» **Task statement**: Below are some records. Retype exactly the lines from the one containing "Because of this, whenever" through the one containing "How to use Stable", both included, skipping every picture.

» **Data provided**:

*****

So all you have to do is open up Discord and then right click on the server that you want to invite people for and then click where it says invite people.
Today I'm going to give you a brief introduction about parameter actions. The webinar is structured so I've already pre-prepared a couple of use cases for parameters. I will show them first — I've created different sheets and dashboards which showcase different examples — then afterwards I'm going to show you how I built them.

*****

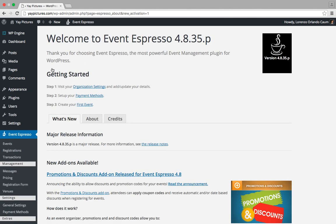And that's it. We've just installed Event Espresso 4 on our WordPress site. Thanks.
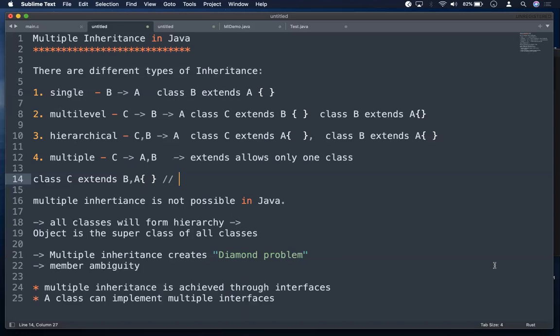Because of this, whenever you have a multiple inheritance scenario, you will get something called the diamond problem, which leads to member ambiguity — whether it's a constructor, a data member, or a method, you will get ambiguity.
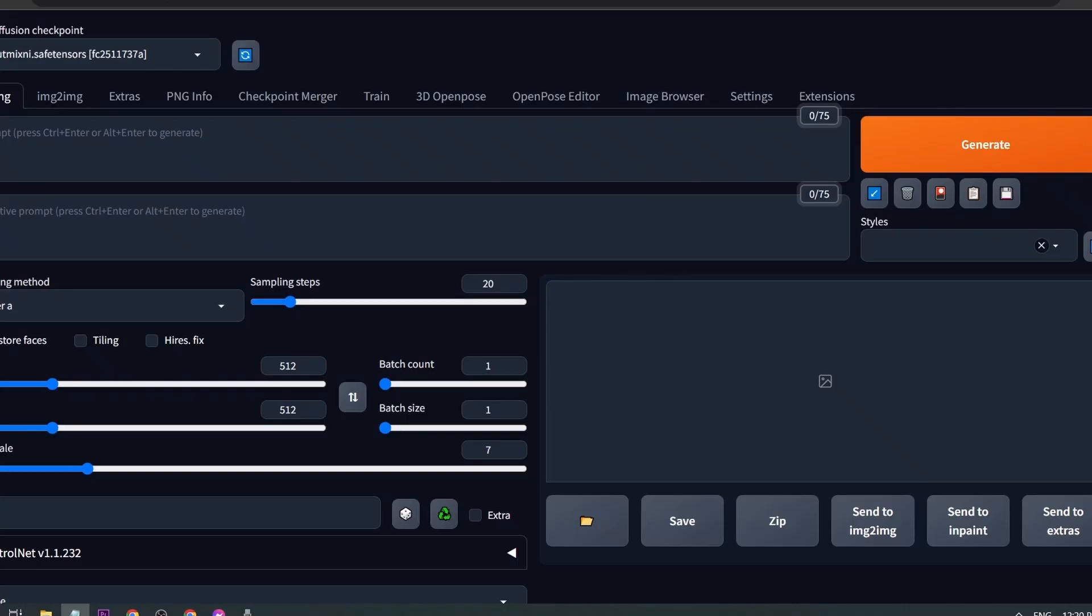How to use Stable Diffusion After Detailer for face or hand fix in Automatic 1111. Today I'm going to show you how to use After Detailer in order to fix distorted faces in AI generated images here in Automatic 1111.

*****

» **Solution to the exercise**:
Because of this, whenever you have a multiple inheritance scenario, you will get something called the diamond problem, which leads to member ambiguity — whether it's a constructor, a data member, or a method, you will get ambiguity.
How to use Stable Diffusion After Detailer for face or hand fix in Automatic 1111. Today I'm going to show you how to use After Detailer in order to fix distorted faces in AI generated images here in Automatic 1111.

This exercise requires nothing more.